The Goblet of Fire film was tonally different in many ways too, like the angry Dumbledore while book Dumbledore was always friendly and supportive. Not that I would have known, having experienced it the other way around, but he was noticably acting out of character with no explanation. Could have been the best, the basis was there. Whacky, fun characters, a school ball, visiting students from different schools.
I don't know if some parts of the novels were written with a movie adaptation in mind, but what I recall having read is that Rowling specifically adapted some parts of the movies for her later books, like Alan Rickman's performance of Snape influencing how she wrote and imagined the character. The first movie came out after the Goblet of Fire book, and while negotiations for the rights to the books might have happened significantly earlier, dunno - well maybe Rowling thought she could get a movie adaptation after the runaway success of the Philosopher's Sorcerer's Stone, but that just complicates things unnecessarily. She's just not that good of a writer, and I suspect that, given the success of the books and films, her audience was not overly interested in class hijinks.
What is somewhat noticable is that plot elements keep popping up without much prior notice. I have honestly no ideas how much of the overarching story she had in mind while writing the early entries, but given how the series just keeps coming up with elements that should have always been a part of the universe but just never came up before, it cannot have been a whole lot. If I would want to be especially snarky it was fairly obvious that she didn't even have an idea how to finish the first book, and Quill just defeated himself by touching Harry. Because love. Okay, that is probably something specific to watching the film/reading the book as an adult, but that's a major asspull that never sat right with me.

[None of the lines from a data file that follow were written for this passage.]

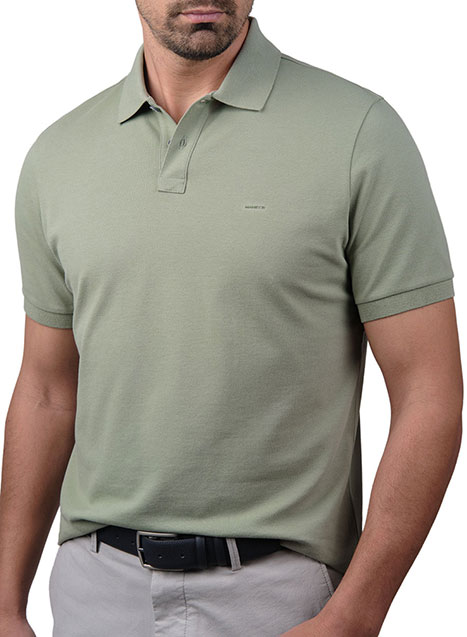 Ανδρικό Polo πικέ Manetti casual sage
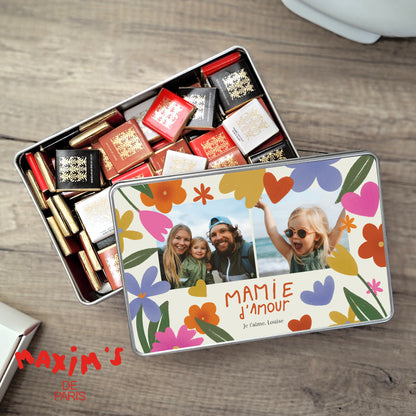 Boite métallique rectangle, garnie de chocolats Mamie en or photo N° 1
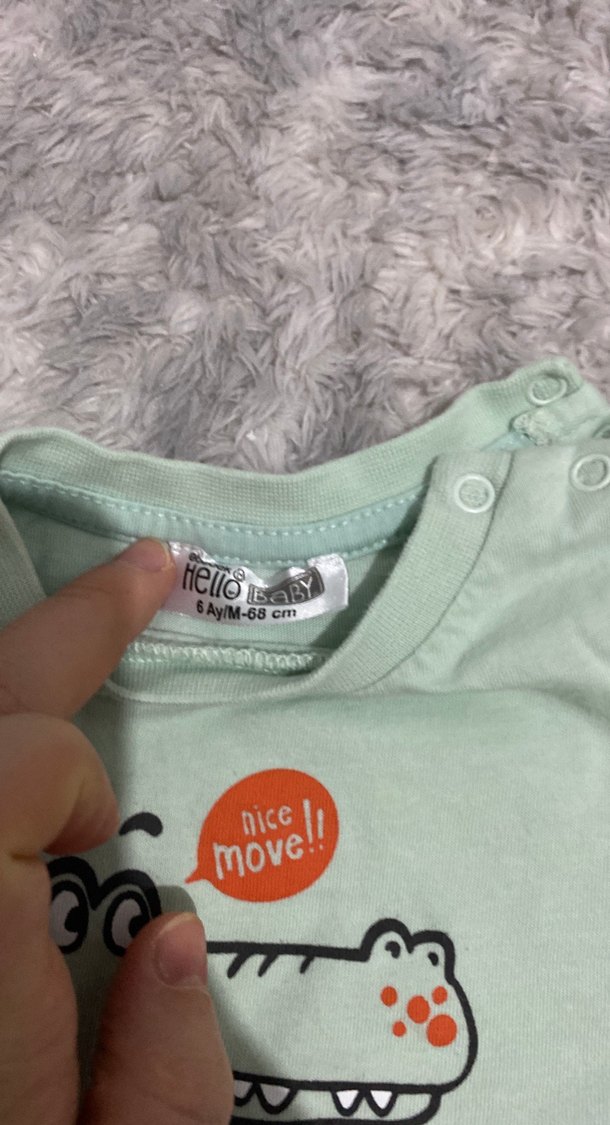 Gri Baskılı Erkek Bebek Kısa Kollu Takım - Görsel 2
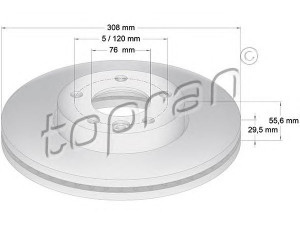 TOPRAN 110 428 stabdžių diskas 
 Dviratė transporto priemonės -> Stabdžių sistema -> Stabdžių diskai / priedai
7H0 615 301D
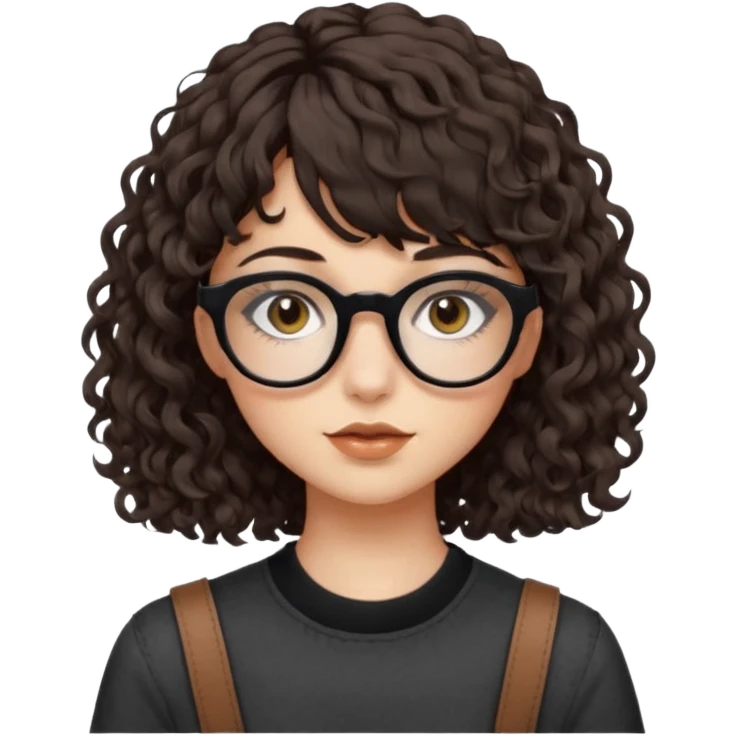 A girl with fair skin, brown eyes with black square glasses, eyeliner, shoulder length curly hair with bangs, with a grunge outfit  emoji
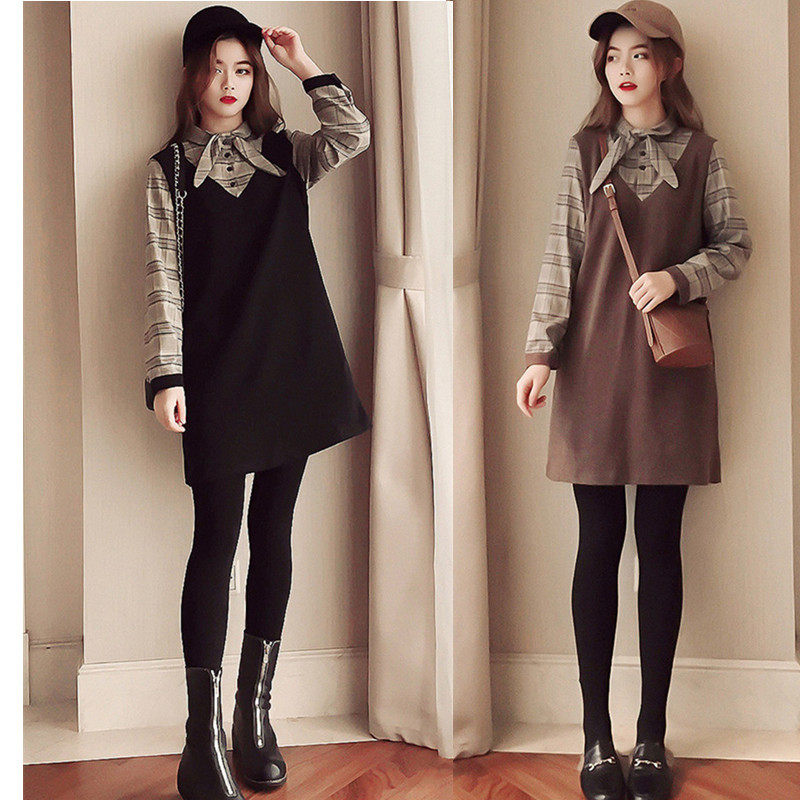 Gestational Dress Spring Dress Trendy Fashion Models New Dress 2021 Blouses Net Red Suit Spring Autumn Season Korean version Long sleeves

Then there are the titular Deathly Hallows, retconning Harry's cloak and Dumbledore's wand into a group of three items that are only necessary so that Voldemort can inadvertently destroy the one Horcrux he did not intend to make without actually having Harry die in his final confrontation.
Not that Chamber of Secrets is free of asspulls, there is enough setup to explain how Harry survives his poisoning, and that the Sword of Gryffindor is enchanted to help brave Gryffindors in times of dire need, but there's zero indication that the Sorting Hat can just act as dimensional portal. Whee, enough of that before Hurlshot says I'm overthinking a silly fun fantasy series with magic (which is probably not wrong), but Chamber of Secrets is a good example that if everything else is good enough, a little plot hole or deus ex machina does not hurt one's enjoyment.
I was looking forward to reading The Order of the Phoenix because I expected it to explain the film and fill in gaps - what I got was a novel that I actively had to force myself through reading at times. It was easily the worst of the books, and inexplicably the one with the most pages, with a lot of them spent on going nowhere at all while Harry mopes around enough to get Gary Oldman killed. I guess I should really watch the film again after reading the book, it might really change my view of it.